Cardinal Husar:It is true that we have been latinized. And this is the great merit of Metropolitan Sheptytsky at the beginning of the 20th century: that he tried to reverse this process. Personally, I consider myself a follower of Metropolitan Sheptytsky, together with many others who would like to get rid of all that has illegally entered into our spiritual, theological, liturgical, canonical heritage. We were told: If you want to be a real Catholic, you have to be Latin. And they pushed us into it. And it is only with Metropolitan Sheptytsky that we could say: Dear brothers from Rome, one can be Catholic without being Latin. And we were attacked on two fronts, Catholic-Latin and Orthodox-Byzantine. And we said: No, dear brothers, one can be Ukrainian, one can be Byzantine, one can be at the same time Catholic. These different elements do not contradict one another. So this is why neither the Latin Church nor the Orthodox Church is very happy with us.
-Q:What are the conditions to have eucharistic communion between the believers of the Orthodox Church and the Catholic Church? Is it necessary to have the same theology of marriage, of filioque, of purgatory?

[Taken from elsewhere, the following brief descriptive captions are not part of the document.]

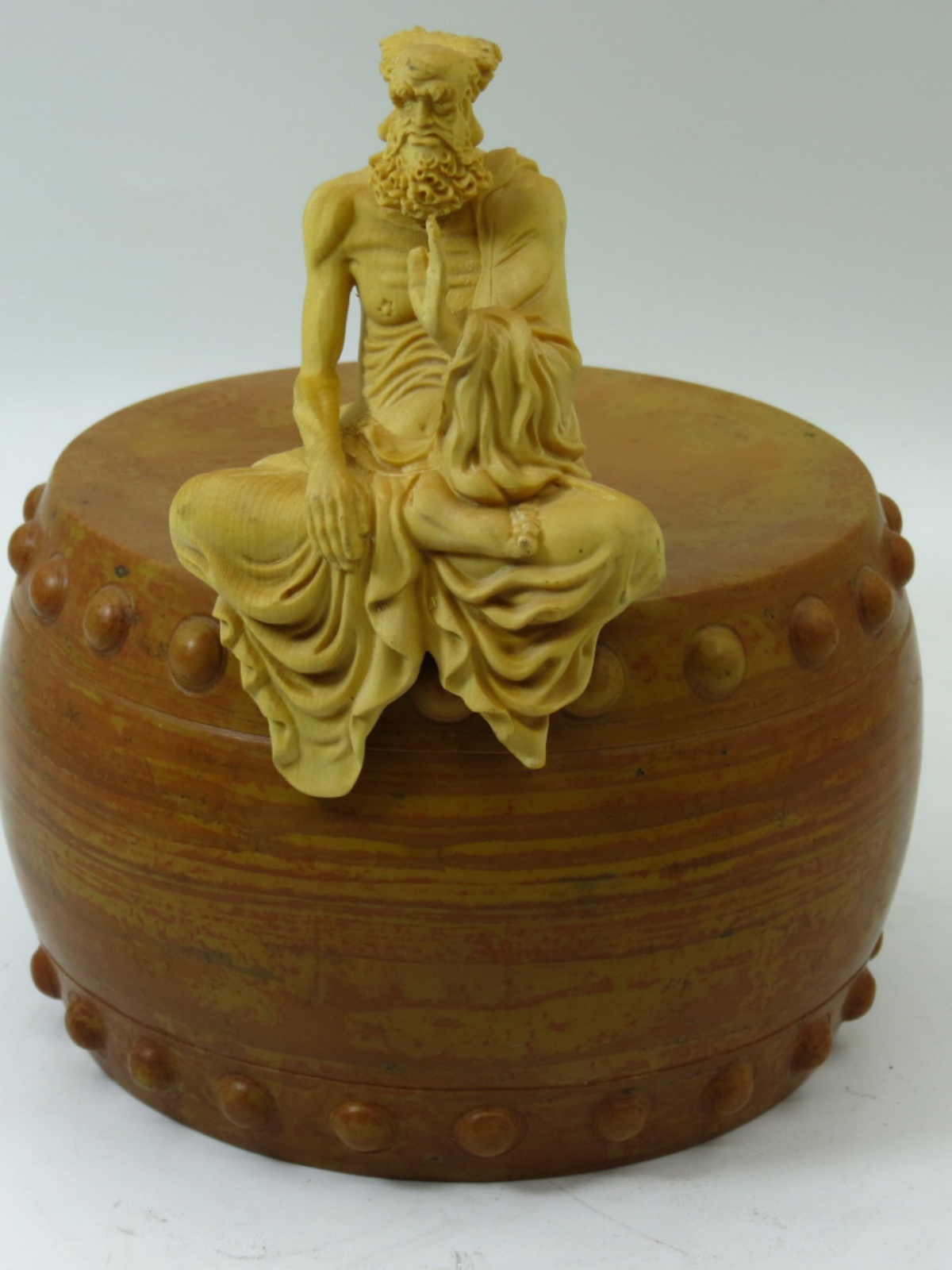 红丝鼓-特色中国非遗红丝砚文化精品民间传统手工艺文房雕刻收藏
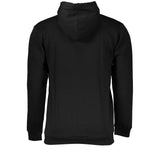 Pull en coton noir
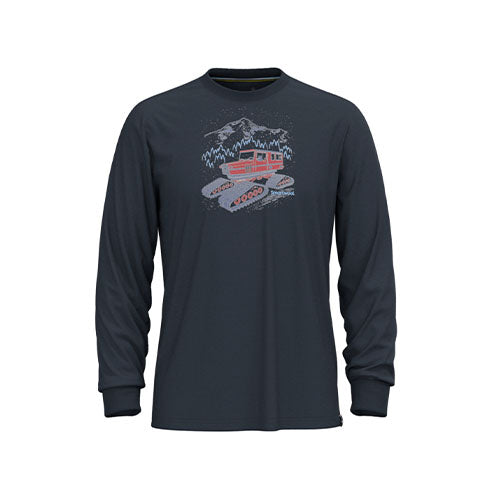 Smartwool Men's Snowcat Graphic Long Sleeve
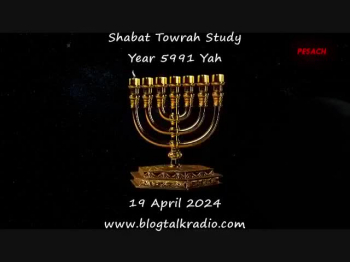 Shabat Towrah Study - Batach 'el Yahowah | Put Your Trust In Yahowah Year 5991 Yah 19 April 2024 🤝📝💪 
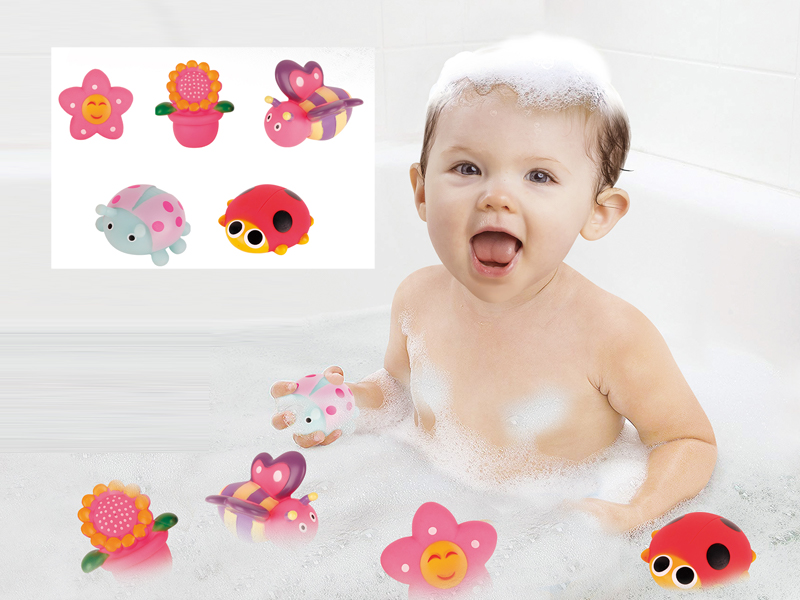 Vinyl Animal 5PCS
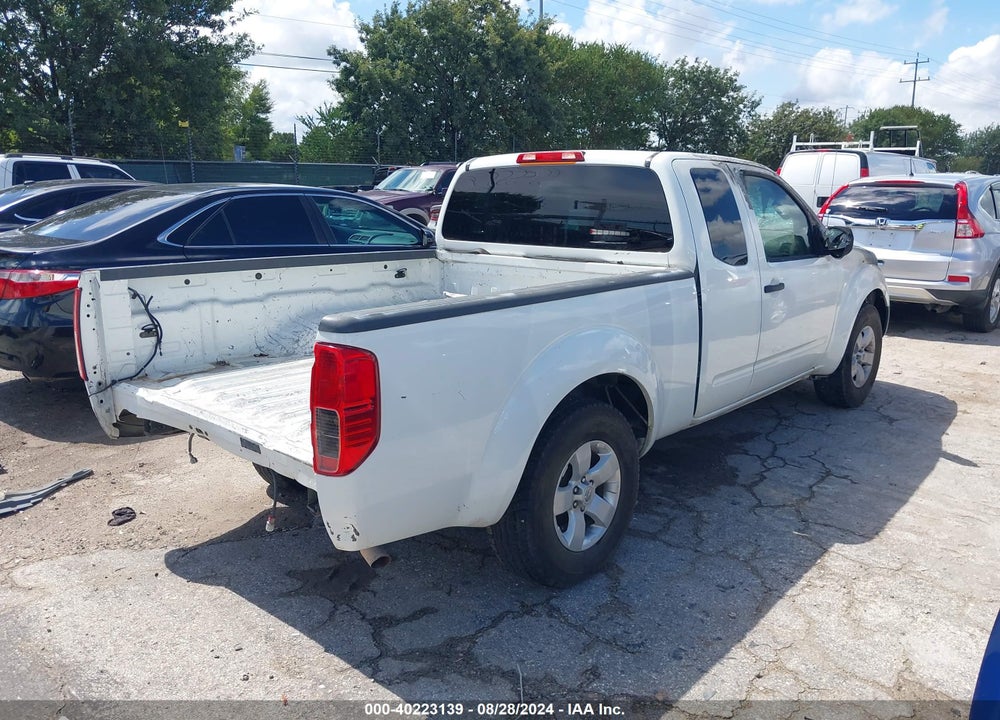 2013 NISSAN FRONTIER SV-I4 VIN: 1N6BD0CT2DN738357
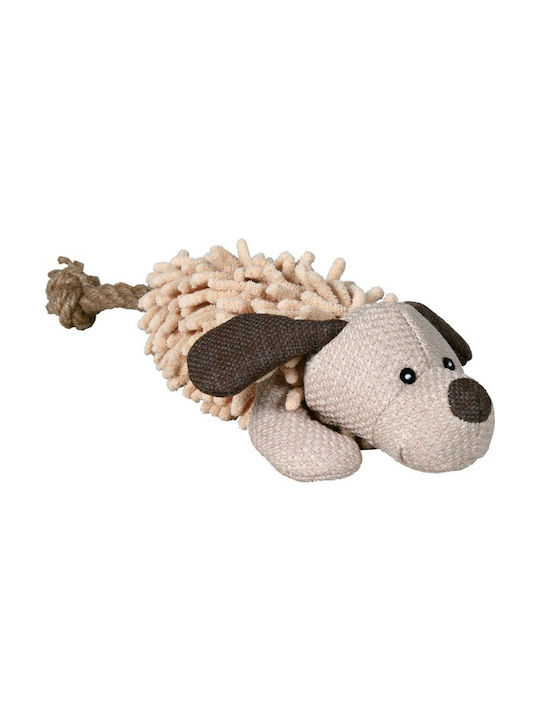 Trixie Plüschtier Hund mit Geräusch Klein 30εκ. Beige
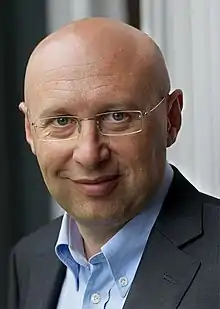 Stefan Hell, Physicist, 2014 Nobel Prize in Chemistry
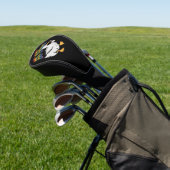 Be Gay Do Crime Funny Goose Rainbow Pride LGBTQ Golfheadcover (Insitu)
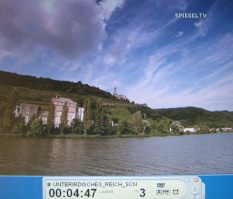 Neckarzimmern: slope at Neckar River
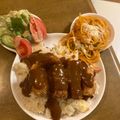 Joky's cooksnap of when they made とっても簡単♪長崎名物トルコライス.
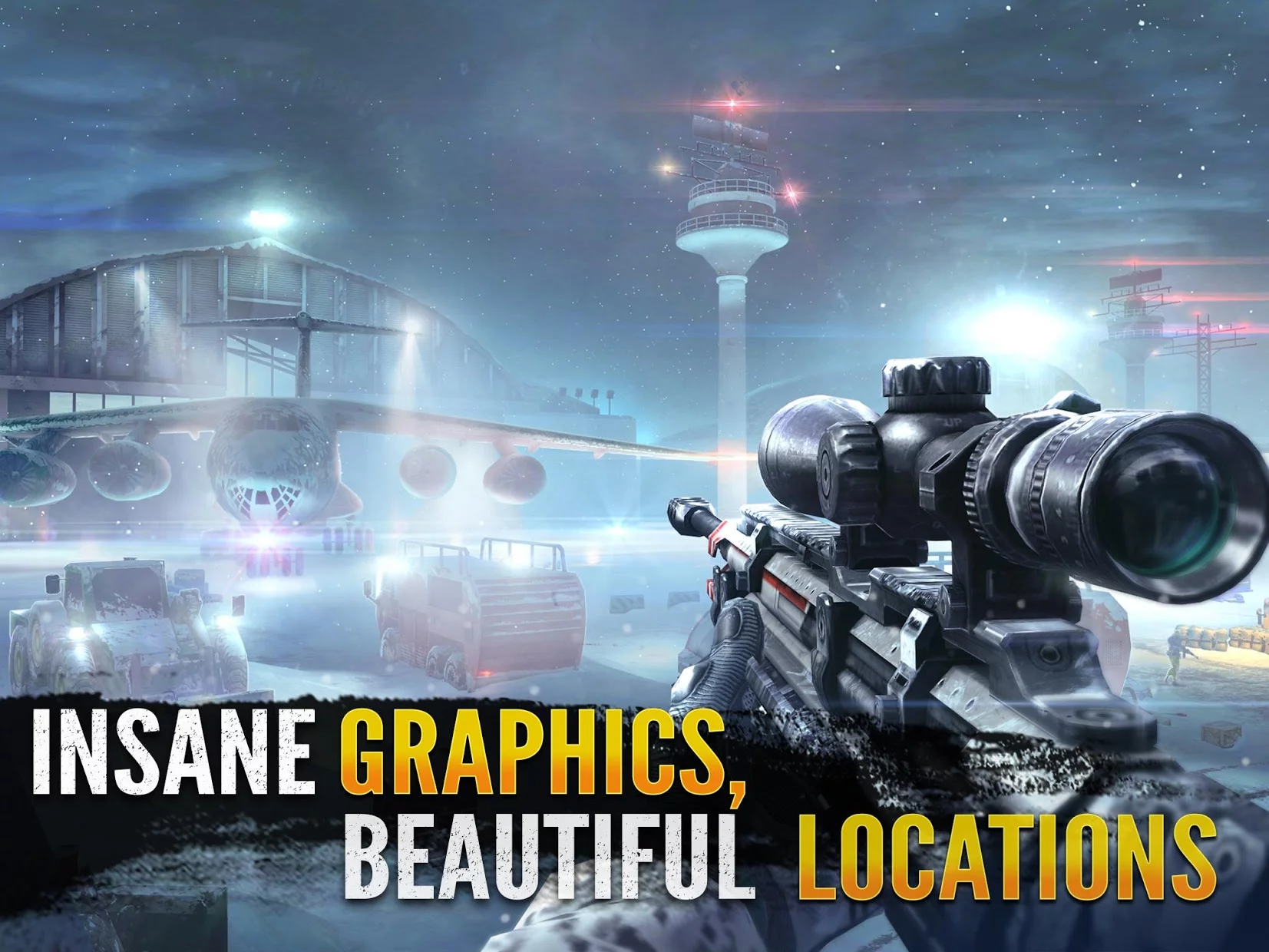 Изображение игры: Sniper Fury: best shooter game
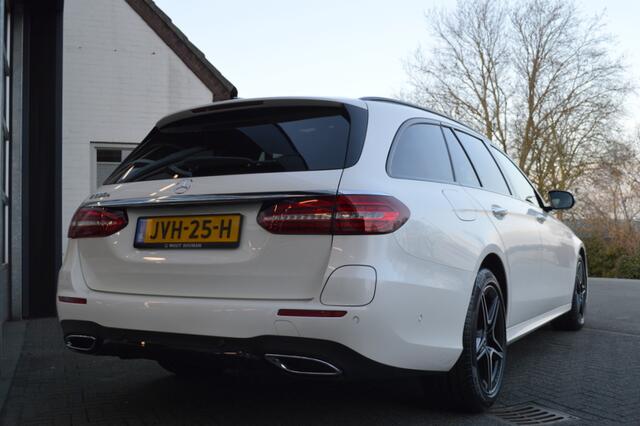 Mercedes-Benz E-estate 300 e AMG Led Leder Panorama Memory Burmester Camera 360 Keyless Pdc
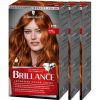 Schwarzkopf Brillance 921 Boho Copper 3-pack thumbnail 1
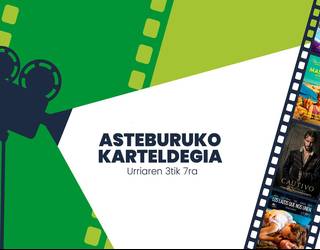 Asteburuko zinema karteldegia
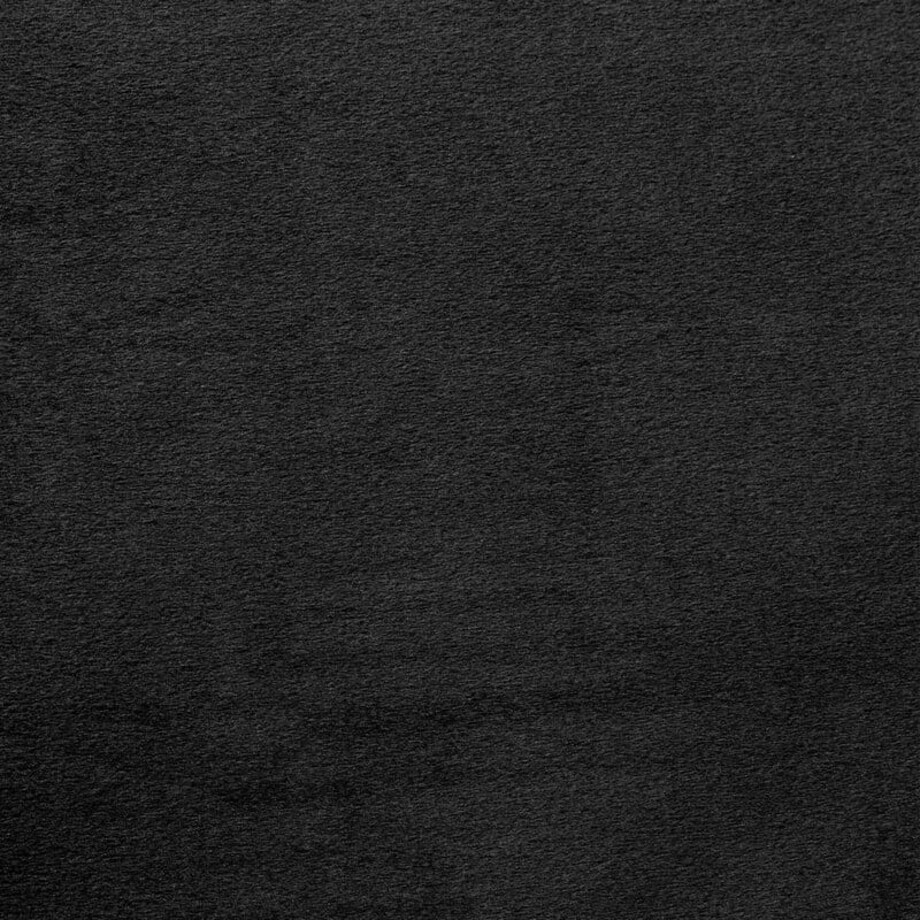 Zasłona Zaciemniająca WELUROWA Gotowa na TAŚMIE z FALBANAMI 140 x 270 CZARNA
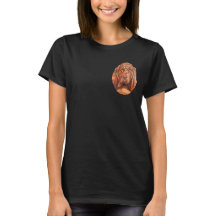 Camiseta de sabueso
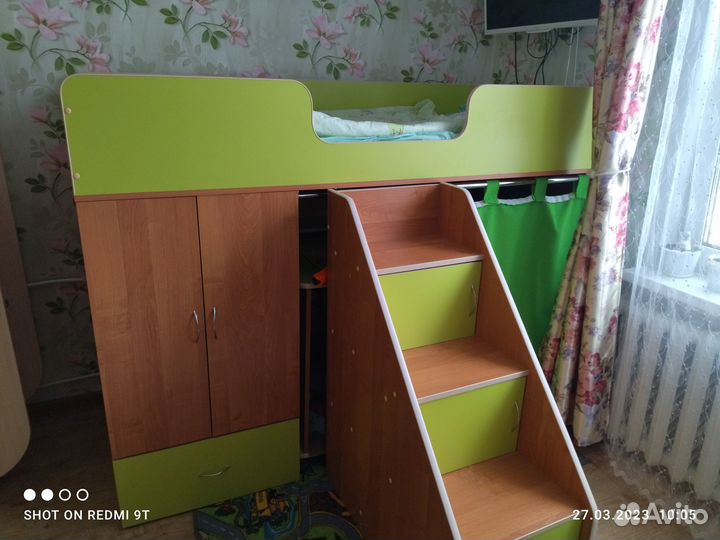 Детская кровать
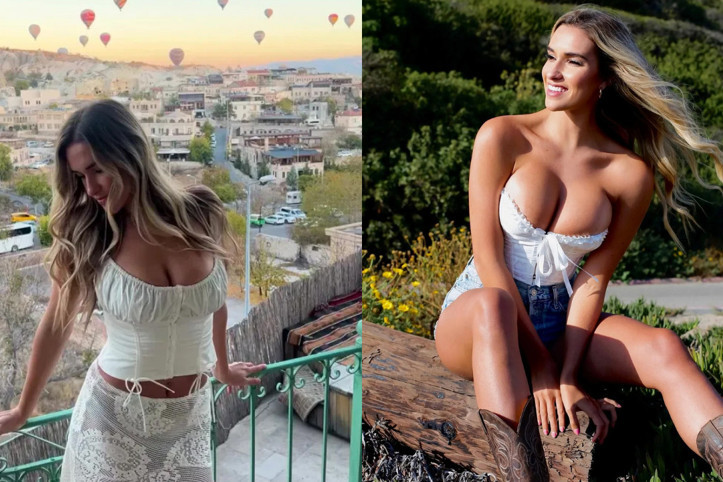 Ünlü voleybolcunun Kapadokya tatili videosu gündem oldu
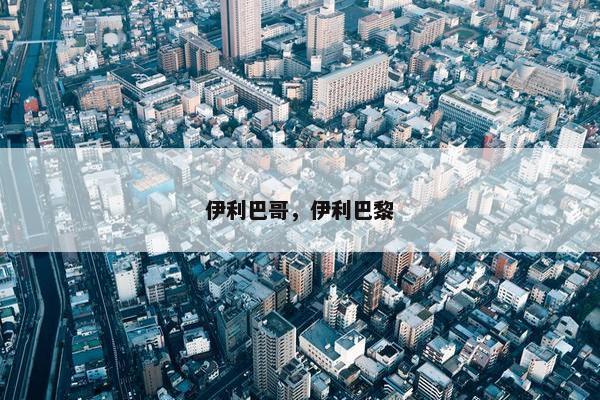 伊利巴哥，伊利巴黎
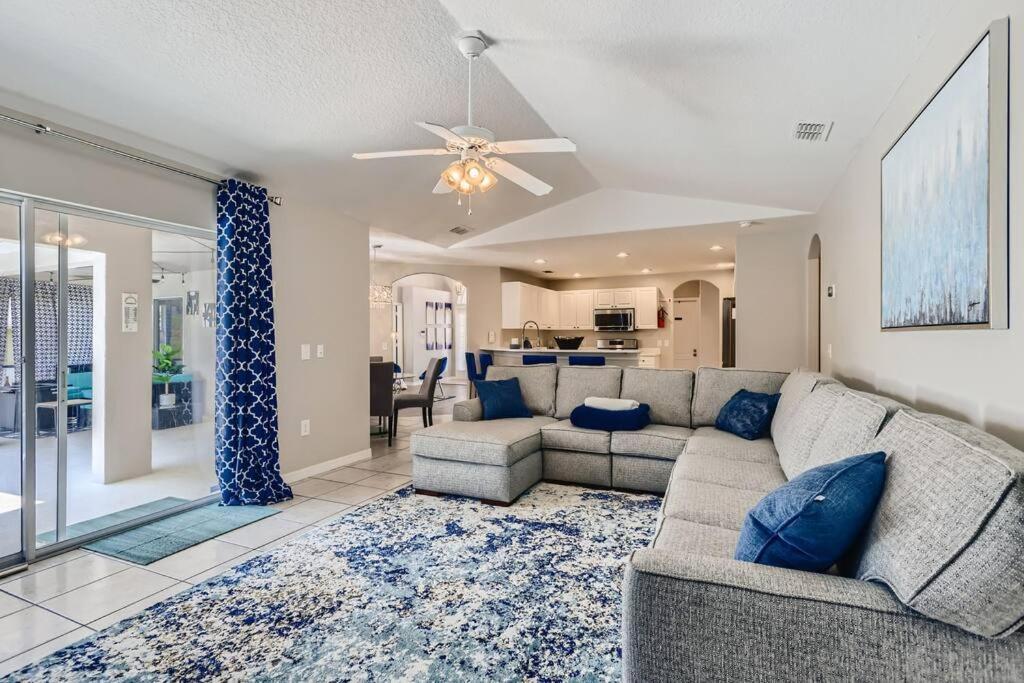 New Modern Relaxing 4 Bedroom Pool Villa Near Disney'S Parks Davenport Luaran gambar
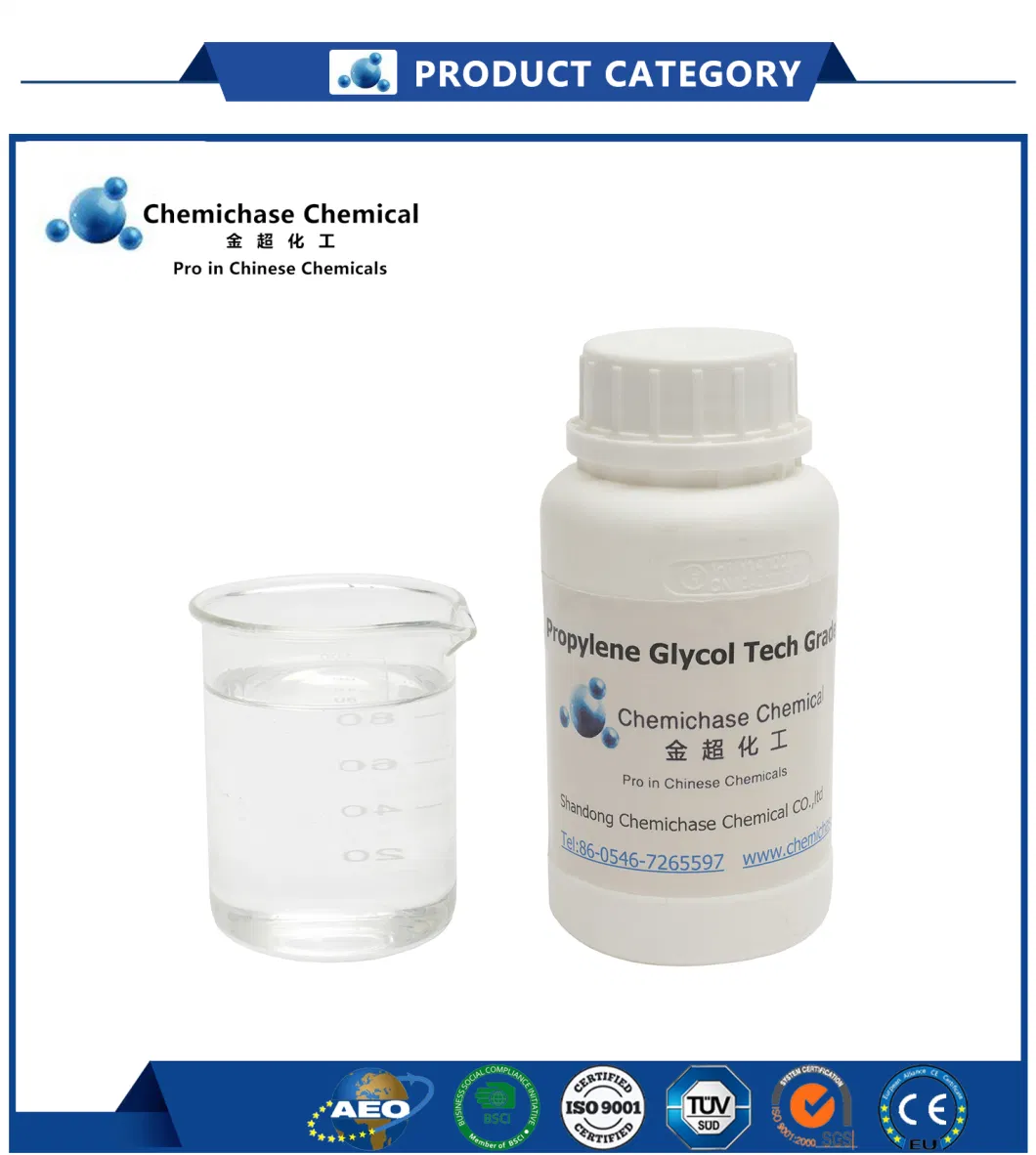 Hot Sale Polypropylene Glycol CAS No. 25322-69-4 Price PPG1000 PPG-1000 Poly (propylene Glycol)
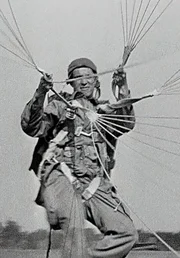 a member of the Special Commands unit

Cardinal Husar:[strong]No. Our attitude practically is that between the Orthodox and ourselves there are no differences in faith. Questions like purgatory, the Immaculate Conception or the filioque are theological concepts, not faith. And they of course are very different, but they are ultimately complementary. So they do not represent a different faith. They represent a different understanding of the gift of faith. What is our practical stand on intercommunion? If a Catholic finds himself in a position where there is no Catholic church around, he can freely go to the Orthodox church and receive sacraments. The same thing when an Orthodox cannot find an Orthodox priest, we don't deny him the sacraments, especially confession and holy Communion. The only problem is the scandal that it means, not to give the impression that it doesn't make a difference what you are. You are what you are. But the circumstances are such that you are in need and we are open to help you or to being helped.